On Wed, 19 Jul 2006, Steven Hill wrote:

I have been reading the literature on debian packages, and I am trying
to figure out how to tell the package installer to automatically use
"apt-get install" to satisfy a dependency at installation time - is
there any way to do that?  As far as I can see, the only effect of the
"Depends" section in the control file is to cause the installer to check
to see if the dependency is satisfied, and if not, abort the
installation and tell the user of the unsatisfied dependency.

Am I missing something obvious? It seems that this should be possible...

Perhaps I am misunderstanding the quesiton, but if you invoke apt-get to install a particular package "foo" (and this goes for aptitude or synaptic as well) which depends on package "bar", you will be asked whether you want to install all of the dependent packages. See, for example, the following:

hydride# apt-get install foo
Reading package lists... Done
Building dependency tree... Done
The following extra packages will be installed:
Suggested packages:
Recommended packages:
The following NEW packages will be installed:
  foo bar
0 upgraded, 2 newly installed, 0 to remove and 0 not upgraded.
Need to get 4039kB of archives.
After unpacking 12.1MB of additional disk space will be used.
Do you want to continue [Y/n]?

If you say "n" then it will abort, but if you say "y" then all the dependencies will be installed.
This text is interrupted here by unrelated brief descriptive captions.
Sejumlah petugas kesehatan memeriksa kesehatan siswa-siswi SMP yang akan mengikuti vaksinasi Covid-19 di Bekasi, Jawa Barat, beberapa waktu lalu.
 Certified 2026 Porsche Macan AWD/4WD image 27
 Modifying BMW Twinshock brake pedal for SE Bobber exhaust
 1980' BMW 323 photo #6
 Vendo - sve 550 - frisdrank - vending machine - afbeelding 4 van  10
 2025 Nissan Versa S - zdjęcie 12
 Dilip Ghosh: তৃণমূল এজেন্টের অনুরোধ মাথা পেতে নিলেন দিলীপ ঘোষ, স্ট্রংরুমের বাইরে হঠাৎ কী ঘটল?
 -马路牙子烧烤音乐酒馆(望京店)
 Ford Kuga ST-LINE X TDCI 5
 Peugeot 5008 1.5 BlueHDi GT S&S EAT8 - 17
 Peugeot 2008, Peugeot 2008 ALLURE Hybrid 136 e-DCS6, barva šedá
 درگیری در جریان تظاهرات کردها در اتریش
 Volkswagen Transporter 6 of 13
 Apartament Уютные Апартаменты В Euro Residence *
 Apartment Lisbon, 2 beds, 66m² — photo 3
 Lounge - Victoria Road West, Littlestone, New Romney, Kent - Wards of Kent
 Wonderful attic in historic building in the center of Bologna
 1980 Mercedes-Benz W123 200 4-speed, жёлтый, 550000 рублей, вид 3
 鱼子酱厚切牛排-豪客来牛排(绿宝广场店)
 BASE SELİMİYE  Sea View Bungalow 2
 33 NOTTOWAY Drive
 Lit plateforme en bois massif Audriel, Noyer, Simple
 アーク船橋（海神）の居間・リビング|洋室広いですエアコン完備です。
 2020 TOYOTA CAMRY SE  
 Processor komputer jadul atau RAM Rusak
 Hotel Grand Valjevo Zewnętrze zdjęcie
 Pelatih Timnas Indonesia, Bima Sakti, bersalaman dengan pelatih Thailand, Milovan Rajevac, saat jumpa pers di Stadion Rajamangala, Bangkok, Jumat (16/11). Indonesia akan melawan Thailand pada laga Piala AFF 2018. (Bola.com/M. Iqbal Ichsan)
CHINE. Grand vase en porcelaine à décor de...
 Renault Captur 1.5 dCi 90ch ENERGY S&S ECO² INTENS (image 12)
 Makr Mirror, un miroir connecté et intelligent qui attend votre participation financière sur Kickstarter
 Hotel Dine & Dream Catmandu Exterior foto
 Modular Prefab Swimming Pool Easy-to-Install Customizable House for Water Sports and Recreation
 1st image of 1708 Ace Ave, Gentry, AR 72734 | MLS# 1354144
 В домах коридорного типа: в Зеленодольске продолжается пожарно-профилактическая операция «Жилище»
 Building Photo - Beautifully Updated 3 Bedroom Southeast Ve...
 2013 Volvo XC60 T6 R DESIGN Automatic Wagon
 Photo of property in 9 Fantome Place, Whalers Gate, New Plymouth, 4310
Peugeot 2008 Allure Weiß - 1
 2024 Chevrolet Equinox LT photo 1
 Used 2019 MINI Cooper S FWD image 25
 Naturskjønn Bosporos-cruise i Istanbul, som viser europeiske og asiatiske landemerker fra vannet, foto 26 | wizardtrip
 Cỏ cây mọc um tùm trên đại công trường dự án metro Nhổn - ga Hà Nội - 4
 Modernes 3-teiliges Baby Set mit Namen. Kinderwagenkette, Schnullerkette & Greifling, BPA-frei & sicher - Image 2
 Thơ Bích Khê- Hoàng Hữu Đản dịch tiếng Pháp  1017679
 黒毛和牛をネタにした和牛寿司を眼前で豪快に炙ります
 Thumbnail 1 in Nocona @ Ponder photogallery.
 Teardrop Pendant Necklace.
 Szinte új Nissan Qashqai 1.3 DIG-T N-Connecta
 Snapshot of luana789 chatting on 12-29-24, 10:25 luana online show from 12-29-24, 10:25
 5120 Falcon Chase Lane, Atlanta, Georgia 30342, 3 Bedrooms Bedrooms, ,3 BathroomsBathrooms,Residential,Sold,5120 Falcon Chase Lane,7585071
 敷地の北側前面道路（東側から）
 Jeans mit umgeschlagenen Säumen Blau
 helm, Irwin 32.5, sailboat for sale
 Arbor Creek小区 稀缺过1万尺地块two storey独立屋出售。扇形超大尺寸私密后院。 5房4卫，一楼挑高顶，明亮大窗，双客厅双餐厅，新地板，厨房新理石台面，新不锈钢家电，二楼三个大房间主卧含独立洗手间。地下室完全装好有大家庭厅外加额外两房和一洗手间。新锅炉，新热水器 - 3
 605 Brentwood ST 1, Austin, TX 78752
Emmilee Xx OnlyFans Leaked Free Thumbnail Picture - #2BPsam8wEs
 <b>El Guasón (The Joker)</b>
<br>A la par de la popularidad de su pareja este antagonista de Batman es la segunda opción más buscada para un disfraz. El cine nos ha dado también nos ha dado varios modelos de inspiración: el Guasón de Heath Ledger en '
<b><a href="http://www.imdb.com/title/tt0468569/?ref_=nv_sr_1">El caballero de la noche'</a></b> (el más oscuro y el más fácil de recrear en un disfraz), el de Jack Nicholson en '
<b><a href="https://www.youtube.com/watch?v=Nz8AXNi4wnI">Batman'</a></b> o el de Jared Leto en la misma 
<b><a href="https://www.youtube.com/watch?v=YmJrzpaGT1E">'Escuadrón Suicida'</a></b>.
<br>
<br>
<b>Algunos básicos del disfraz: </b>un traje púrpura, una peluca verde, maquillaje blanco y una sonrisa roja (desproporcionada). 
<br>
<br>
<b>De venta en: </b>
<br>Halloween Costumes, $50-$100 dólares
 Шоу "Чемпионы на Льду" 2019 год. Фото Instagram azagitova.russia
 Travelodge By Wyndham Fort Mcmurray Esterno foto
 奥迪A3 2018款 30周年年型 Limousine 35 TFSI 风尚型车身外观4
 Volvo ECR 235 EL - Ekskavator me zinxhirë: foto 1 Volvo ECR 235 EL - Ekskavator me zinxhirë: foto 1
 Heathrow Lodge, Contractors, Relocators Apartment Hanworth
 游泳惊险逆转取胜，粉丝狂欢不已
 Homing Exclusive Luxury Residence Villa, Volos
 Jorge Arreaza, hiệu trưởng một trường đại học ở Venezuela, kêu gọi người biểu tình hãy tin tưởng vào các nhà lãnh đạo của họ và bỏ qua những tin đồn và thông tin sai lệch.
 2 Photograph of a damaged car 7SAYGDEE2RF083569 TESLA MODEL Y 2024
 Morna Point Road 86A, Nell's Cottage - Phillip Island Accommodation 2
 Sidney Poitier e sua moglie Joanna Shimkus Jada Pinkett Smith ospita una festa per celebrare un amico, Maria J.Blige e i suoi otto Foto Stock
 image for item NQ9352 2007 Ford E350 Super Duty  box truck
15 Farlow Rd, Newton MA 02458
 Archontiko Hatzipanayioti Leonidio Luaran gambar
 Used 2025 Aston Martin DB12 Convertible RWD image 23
If, however, you have downloaded the "foo" package and you try to install it using dpkg, then you will have the abort as follows

hydride# dpkg -i foo_2.14.5-1_i386.deb
Selecting previously deselected package foo.
(Reading database ... 146690 files and directories currently installed.)
Unpacking foo (from foo_2.14.5-1_i386.deb) ...
dpkg: dependency problems prevent configuration of foo:
 gdm depends on bar (>= 1.0.7); however:
  Package bar is not installed.
dpkg: error processing bar (--install):
 dependency problems - leaving unconfigured
Errors were encountered while processing:

The reason is that dpkg is basically a tool to install the pacakge while apt is more of a package manager which checks dependencies, downloads the required packages and then invokes dpkg to do the actual install of _all_ the downloaded packages at once. If dpkg is called with both foo and bar to be instsalled, it will do it with no complaint. The answer is to use apt-get or one of the other package managers (aptitude or synaptic) or just use dselect which will also take care of things.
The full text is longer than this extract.